TASK DESCRIPTION:
Repeat exactly the lines below, from the line containing "this 706×431 image." through the last line, both included. Leave out any pictures.

RECORDS SUPPLIED:
-- -- --

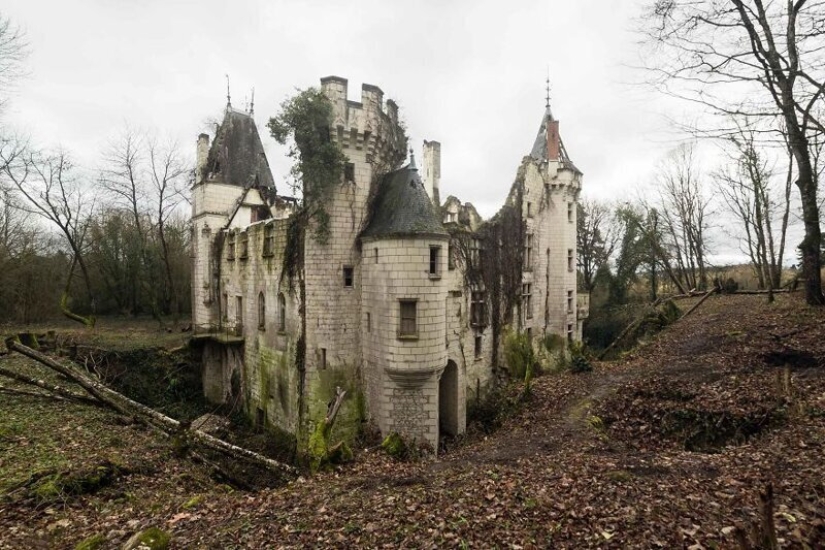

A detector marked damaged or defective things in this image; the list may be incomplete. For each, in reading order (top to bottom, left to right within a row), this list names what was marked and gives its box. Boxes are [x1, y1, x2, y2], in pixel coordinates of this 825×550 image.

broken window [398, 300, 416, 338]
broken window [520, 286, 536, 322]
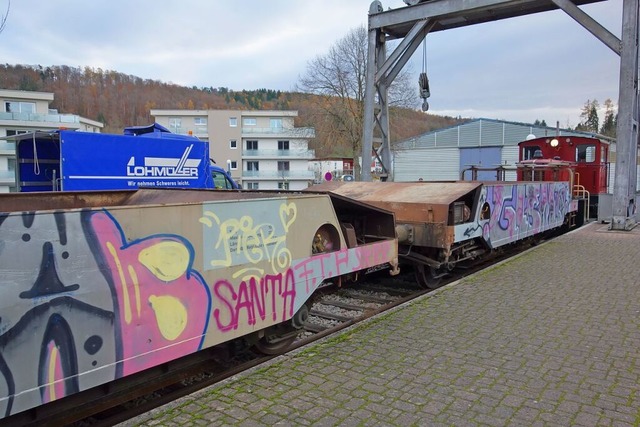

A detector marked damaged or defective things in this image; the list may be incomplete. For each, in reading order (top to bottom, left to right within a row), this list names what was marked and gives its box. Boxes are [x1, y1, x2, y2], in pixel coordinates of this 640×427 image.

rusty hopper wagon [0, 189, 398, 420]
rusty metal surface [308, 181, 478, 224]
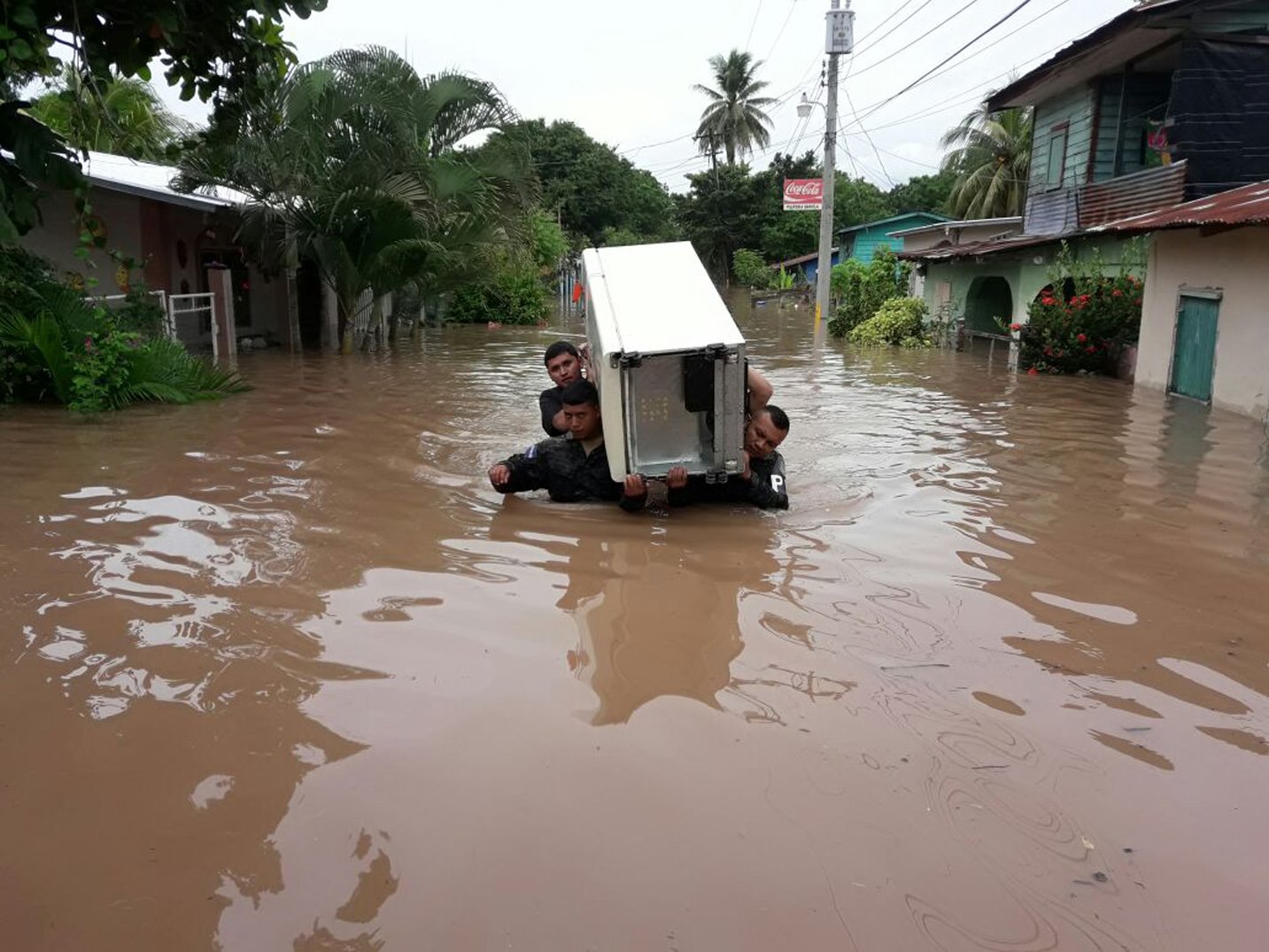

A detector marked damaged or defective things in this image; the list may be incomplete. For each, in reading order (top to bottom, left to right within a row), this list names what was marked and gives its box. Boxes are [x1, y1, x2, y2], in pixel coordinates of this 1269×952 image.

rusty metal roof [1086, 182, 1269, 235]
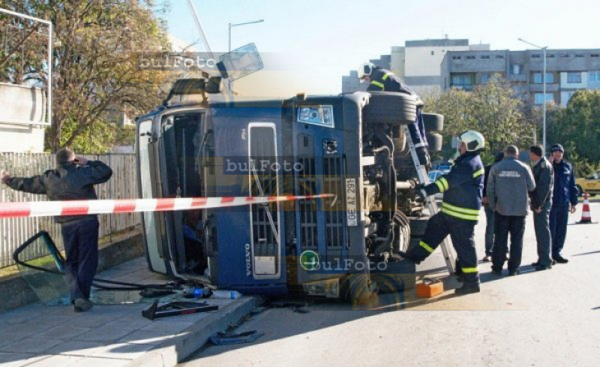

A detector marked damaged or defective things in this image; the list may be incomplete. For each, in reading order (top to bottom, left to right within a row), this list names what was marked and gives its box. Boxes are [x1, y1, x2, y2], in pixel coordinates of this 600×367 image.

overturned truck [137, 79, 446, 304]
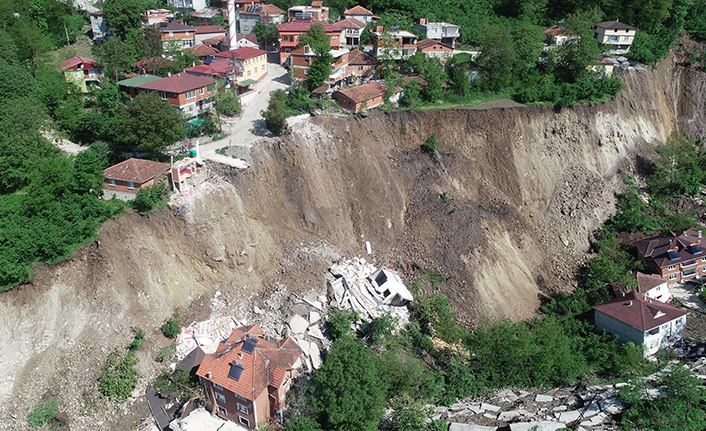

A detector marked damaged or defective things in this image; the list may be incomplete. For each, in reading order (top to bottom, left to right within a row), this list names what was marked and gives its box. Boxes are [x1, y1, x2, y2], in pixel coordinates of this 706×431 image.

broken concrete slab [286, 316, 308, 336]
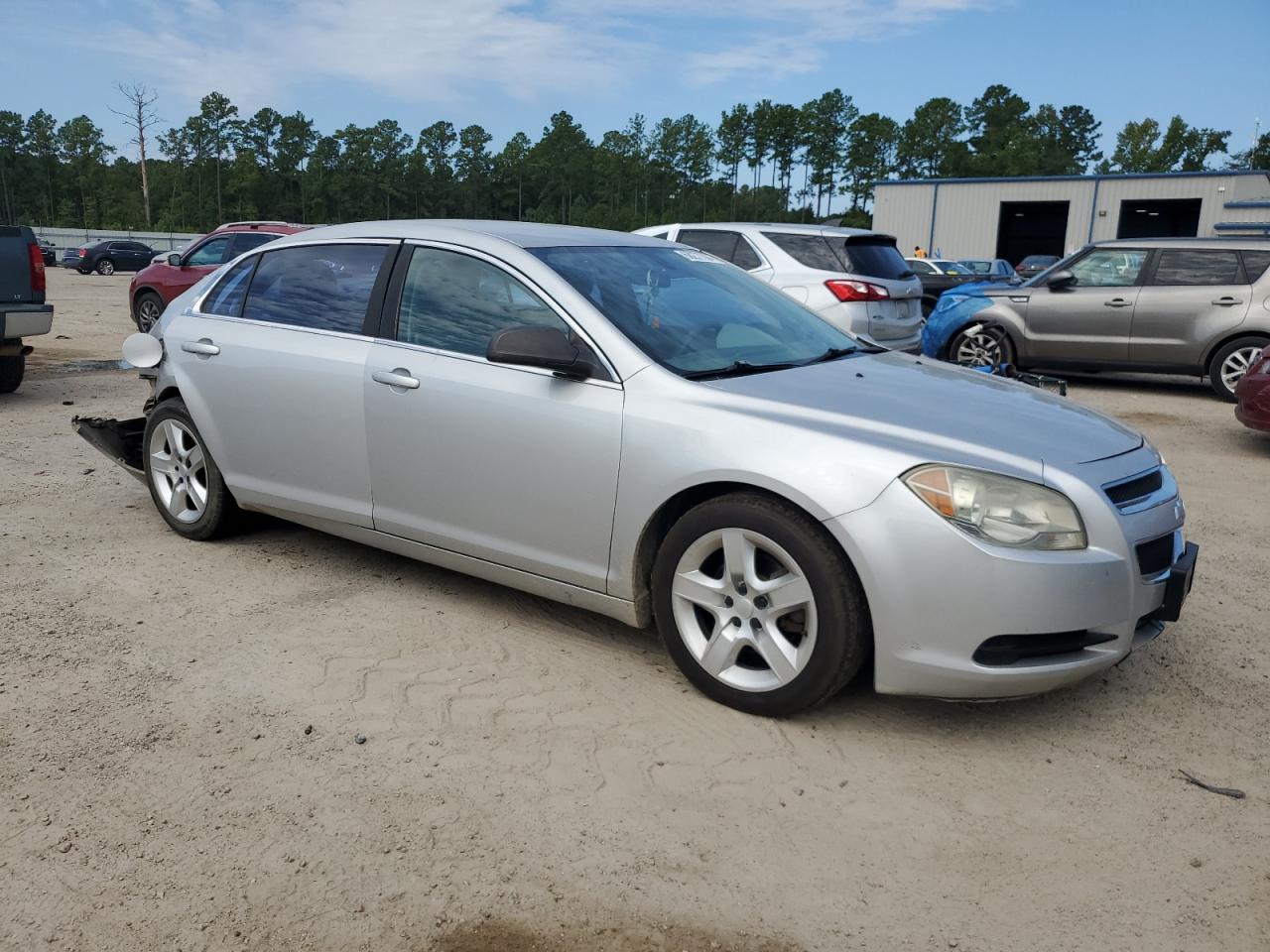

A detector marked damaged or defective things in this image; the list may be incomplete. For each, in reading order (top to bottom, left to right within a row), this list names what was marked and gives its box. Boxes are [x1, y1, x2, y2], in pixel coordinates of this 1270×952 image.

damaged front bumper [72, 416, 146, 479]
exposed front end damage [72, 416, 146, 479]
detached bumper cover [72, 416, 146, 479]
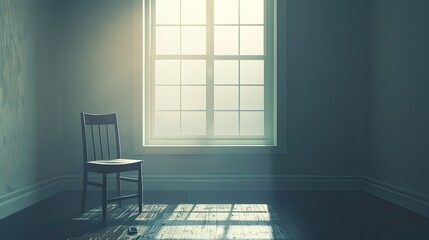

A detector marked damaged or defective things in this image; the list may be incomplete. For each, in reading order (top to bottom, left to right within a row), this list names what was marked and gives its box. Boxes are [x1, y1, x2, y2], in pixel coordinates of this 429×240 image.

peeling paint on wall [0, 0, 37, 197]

-- -- --

EXERCISE RESPONSE:
A detector marked damaged or defective things in this image; the list may be incomplete. For each, in reading order (top to bottom, left to right within a row), this list names what was marked and gives its box. Boxes are [x1, y1, x2, y2], in pixel coordinates of this 706×431 image.

broken concrete slab [286, 316, 308, 336]

A detector marked damaged or defective things in this image; the list may be incomplete. For each, in reading order (top to bottom, left to right within a row), this list names what was marked and gives its box. Boxes are [x1, y1, x2, y2], in pixel coordinates of this 1270×952 image.

damaged front bumper [72, 416, 146, 479]
exposed front end damage [72, 416, 146, 479]
detached bumper cover [72, 416, 146, 479]

A detector marked damaged or defective things in this image; the list may be incomplete. For each, in reading order (top to bottom, left to right within a row), this list names what was marked and gives its box. Boxes are [x1, y1, x2, y2], in pixel coordinates of this 429×240 image.

peeling paint on wall [0, 0, 37, 197]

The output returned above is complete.